What does the opinion say?
- Organizations acting as data exporters can still rely on the SCCs as a legal basis to effect transfers from the EU to third country data importers – however, they are obligated to prohibit or suspend those transfers where the SCCs cannot be complied with because of a conflict between the terms of the SCCs and the laws of the third country to which a data importer is subject.
- This position was reached as the AG concluded that the SCCs only remained valid due to the existence of an obligation on a data exporter (and, in the absence of appropriate steps by a data exporter, the competent supervisory authority) to prohibit or suspend transfers relying on the SCCs in the event of such a conflict with local laws.
- This means that data exporters and supervisory authorities need to run a case‑by-case analysis to determine whether or not the SCCs are appropriate in the context of individual transfers.
What would this mean if the opinion is followed?
For supervisory authorities
In the case at hand, it appears the Irish Data Protection Commission is likely to have to consider whether US national security legislation conflicts with the terms of the SCCs such that they cannot be used as a legal basis for the transfer in question.
If the CJEU follows the AG’s approach of delegating responsibility to the supervisory authority concerned, this seems to open the door to differing approaches to the use of the SCCs between different supervisory authorities, which could cause a meaningful reduction in harmonization around the EU.
For data exporters
Data exporters would be subject to an obligation to prohibit or suspend a transfer that relies on the SCCs if laws applicable to the data importer in question conflict with the SCCs in a way that means compliance with the SCCs becomes impossible.
This means data exporters would have to undertake complex, case-by-case analyses of the national laws applicable to data importers and whether they are compatible with the SCCs.
For data importers
In addition to the obligations on data exporters and supervisory authorities discussed above, it is worth recalling that the SCCs include:
- a warranty from the data importer that it has no reason to believe there are any conflicting local laws that would make its compliance with the data exporter’s instructions and/or the underlying contract impossible; and
- an ongoing commitment that the data importer will update the data exporter if the data importer becomes aware of a change in law which is likely to have a substantial adverse effect on the data importer’s compliance with the SCCs – in which case:
- the data exporter may suspend the transfer and/or terminate the underlying contract; or
- if the data exporter chooses to continue the transfer, the data exporter must notify the competent supervisory authority.
What to take into account when assessing potentially conflicting local laws
The AG noted:
- The following points should be considered by data exporters (and, by extension, data importers), and supervisory authorities when assessing potentially conflicting local laws applicable to data importers:
- the nature and purpose of the processing by relevant public authorities in the data importer’s country; and
- any applicable safeguards in the potentially conflicting law.
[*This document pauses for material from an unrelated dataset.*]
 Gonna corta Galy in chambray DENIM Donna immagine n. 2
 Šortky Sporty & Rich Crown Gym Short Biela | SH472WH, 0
- The factors to consider may overlap with the factors that the commission must consider when determining whether or not to reach an adequacy decision in respect of a third country.
Privacy Shield called into question?
The AG noted there was no need to examine the validity of the EU Commission’s Privacy Shield decision in the case at hand, but that he entertained certain doubts as to validity of the Privacy Shield decision as a legal basis for transfers in light of the US national security laws discussed in the context of the SCCs’ validity.